He flipped open the lid on one of the black boxes to reveal the rows of neatly packed harpoon guns.

‘Now you can hit a static target,’ he said, ‘we’re going to try something more interesting. Today you will be learning how to hit one of these.’ Justin opened another box and lifted something out with both hands. It was a silver fish, about thirty centimetres long.

‘What can you tell me about this fish?’ he said, holding it up.

‘It’s a borg,’ someone said.

‘Yes,’ Justin replied. ‘But it’s not like the other borgs here in the holiday complex, this is a very sophisticated piece of equipment. It thinks it’s a fish and behaves like one, but it’s a lot more than that, it can tell us who hit it and from how far away. If any of you manage to get one I’ll be very impressed; it’s not easy, they’re devils.’

Justin handed the borg fish round the group, and when it
finally got to Mika he felt his arms tense under the weight of it. It was a mean-looking beast with serrated fins, a row of needle-sharp teeth sticking out of its fat lips, and eyes that glowed red.

‘Watch this,’ Justin said. He touched his tablet and the fish suddenly sparked into life and thrashed in Mika’s hands. Mika felt a sharp pain in one of his fingers and he let the fish fall. It dropped to the deck with a clunk and flapped frantically, gasping as if it was drowning in air. Justin grabbed it by the tail and threw it over the side of the boat, and they heard a heavy splash as it hit the water.

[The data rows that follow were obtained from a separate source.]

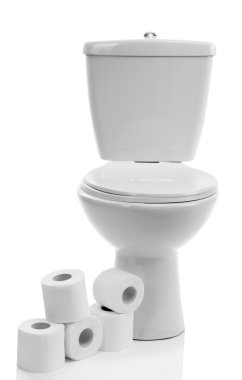 tuvalet kağıdı, üzerinde beyaz izole bir beyaz tuvalet kase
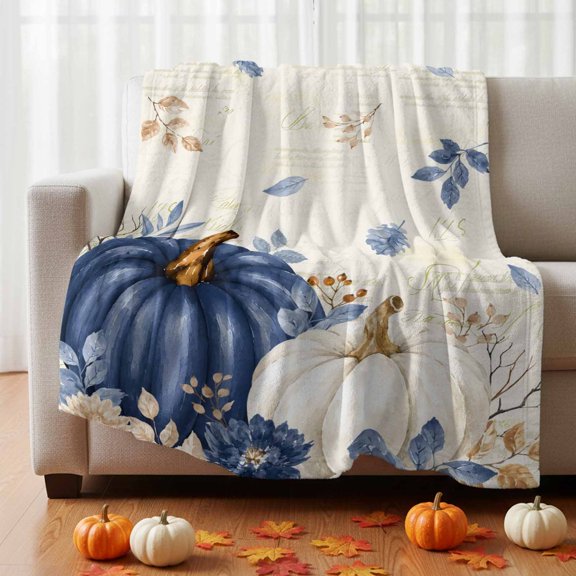 Thanksgiving Fall Fleece Throw Blanket Rustic Blue White Pumpkin Leaf Script Letter Ultra Soft Fuzzy Cozy Flannel Throw Blanket for Couch Sofa Bed Car Travel, Ideal Gifts 60x80 Inches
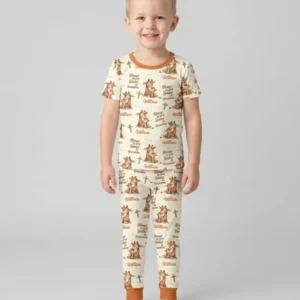 Custom Name Blessed By God Spoiled By Grandma Bamboo Two Piece Short Sleeve Pajama Set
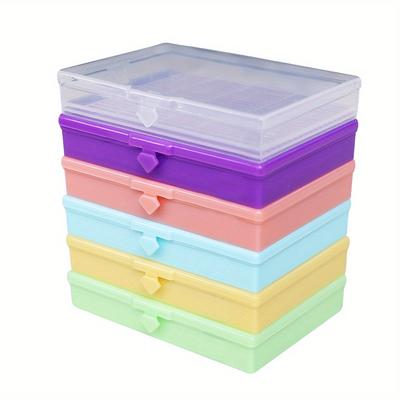 TEMU 6pcs/set 2 In1 Tray & Storage Box, Diamond Painting Tray Tools Accesses, Storage Organizer Box For Diy Crafts Accessories Jewelry Beads Card Image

Mika sucked the blood from his finger and cursed.

‘OK,’ Justin said. ‘Get your scuba gear on and the other instructors will come down and help you find your markers on the seabed.’

They changed quickly, dropped into the water and swam down to find the markers. They were different to the ones of the previous day. Each had an arrow on it pointing in the direction of the crop of rocks. Mika stood on the marker next to Audrey and waited for instructions from the men who stood in a line behind them.

‘OK, everyone. Make sure you’re all facing in the direction of the arrows. You may only shoot towards the rocks. When you see the fish, fire.’

Mika undid the safety catch on the harpoon gun without looking down, then felt it over with his hands to remind himself of the controls. He activated the target map by looking at the icon in the corner of his display and a grid of green lines appeared before his eyes with a red dot indicating where the harpoon gun was pointing. He watched the crop of rocks, waiting for the fish. A crab scuttled towards them making clouds in the sand, fronds of weed as fine as mermaid hair wafted in the warm water and the sunlight cast ripples on his arms and hands and the seabed. He felt as if he’d waited hours when a flash of silver darted out from behind the rocks. It was fast and erratic, darting to the left and right, and he felt the water warp around him as everyone raised their guns and fired. The bolts shot away leaving trails of white
bubbles and blue light. When the water cleared the fish was gone.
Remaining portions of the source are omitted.